● RECORDS FOR THIS TASK:
- Opening Delimiter -

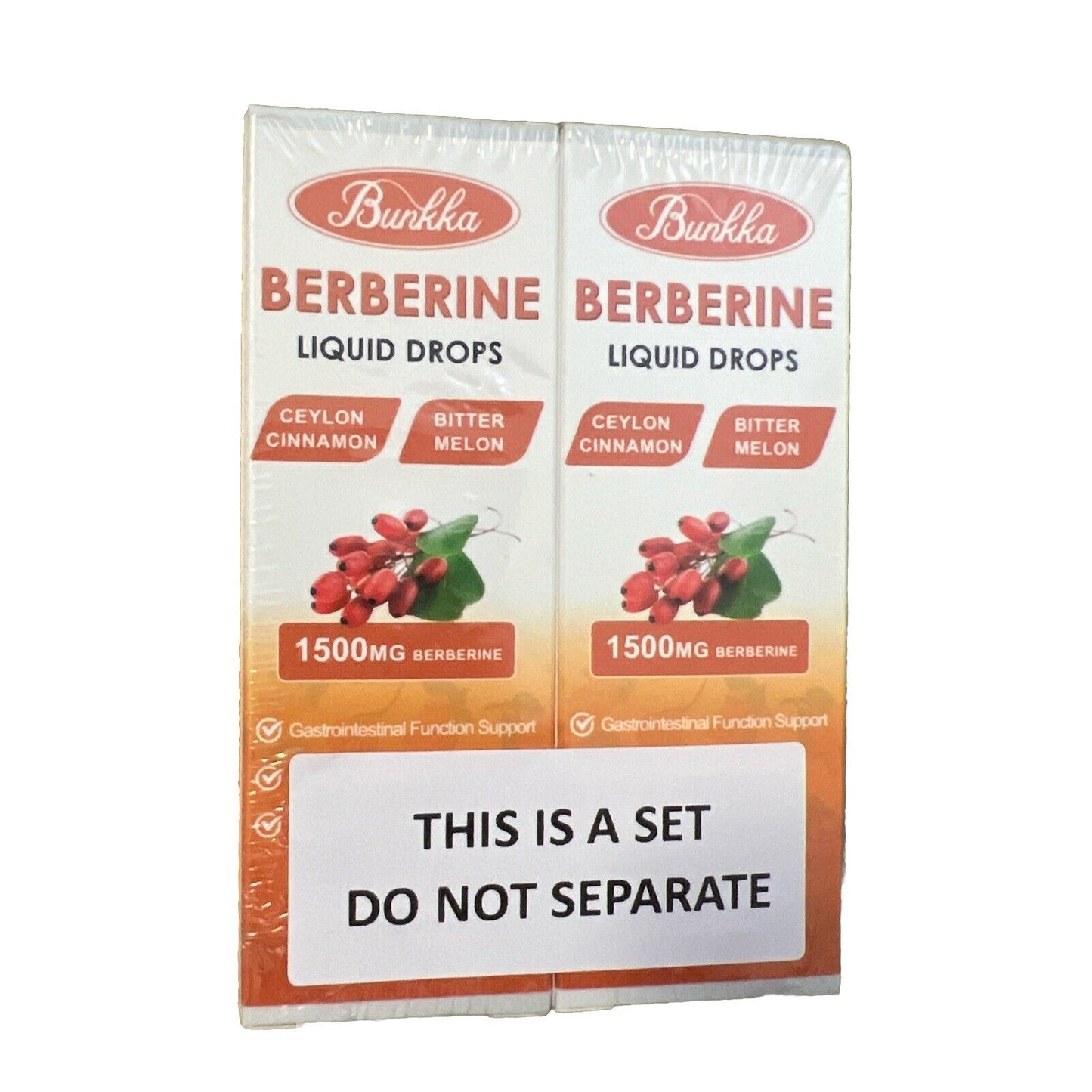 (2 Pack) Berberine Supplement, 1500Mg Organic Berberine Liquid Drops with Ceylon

- Closing Delimiter -
- Opening Delimiter -

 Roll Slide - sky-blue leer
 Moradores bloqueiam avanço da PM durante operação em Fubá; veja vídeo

- Closing Delimiter -

● YOUR ASSIGNMENT:
Only one part of the material above is to be transcribed, namely the lines starting with the line that has "Roll Slide - sky-blue leer" and going on through the line that has "Moradores bloqueiam avanço", exactly as they stand.

● RESPONSE AREA:
 Roll Slide - sky-blue leer
 Moradores bloqueiam avanço da PM durante operação em Fubá; veja vídeo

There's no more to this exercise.